The verdict is in: The NFL has ruled that Tom Brady is suspended for four games, the Patriots must pay a $1 million fine and lose two important future draft picks.

Ray Rice must be relieved that he was never accused of knowing someone deflated balls before a game. Rice was suspended only two games for slugging Janay Palmer, his then-fiancée, in an elevator and dragging her out the door when it opened.

And Don Shula’s big horn must be burdensome (“NFL Notebook: Shula takes shot at Brady, Patriots,” Page C9, May 10).

Many of us admired the Dolphins under self-satisfied Shula’s tutelage – easy to do with their record of that time.
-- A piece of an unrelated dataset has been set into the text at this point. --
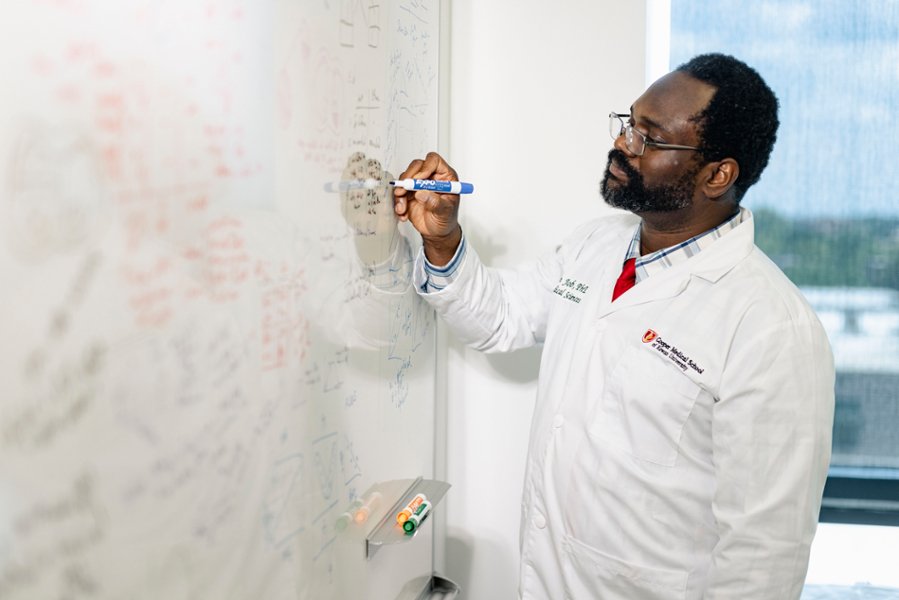 A photo of Martin Job, PhD, assistant professor of biomedical sciences at CMSRU, taking notes on a dry erase board.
But most of the story was filled with his condemnation, palpable animosity toward Brady and the Patriots, but no reference to facts to justify his judgment.

Doesn’t the NFL require evidence or proof of wrongdoing before issuing discipline? Shouldn’t it?

And Adam Kilgore of The Washington Post, whose commentary was carried the same day in the Telegram – headlined “Brady lied.” Again, did he require no proof of the damning label? Shouldn’t he have had that as the foundation of his strong opinion?

It took a long time for the NFL to be persuaded to further discipline Rice, formerly of the Baltimore Ravens. While that case does not parallel the debate about deflated balls, its similarity lies in the fact that the video of Rice and Palmer was persuasive. It was confirmation.

If the NFL commissioner and his oversight colleagues could not find hard evidence of Brady’s actions within an over-200-page report, shouldn’t the final conclusion have been “inconclusive?”

We don’t want our team to be anything other than decent men, the champions they have shown themselves to be. If Brady’s suspension holds, we can handle it. But in the absence of proof, scalding name-calling should “probably” be suspended.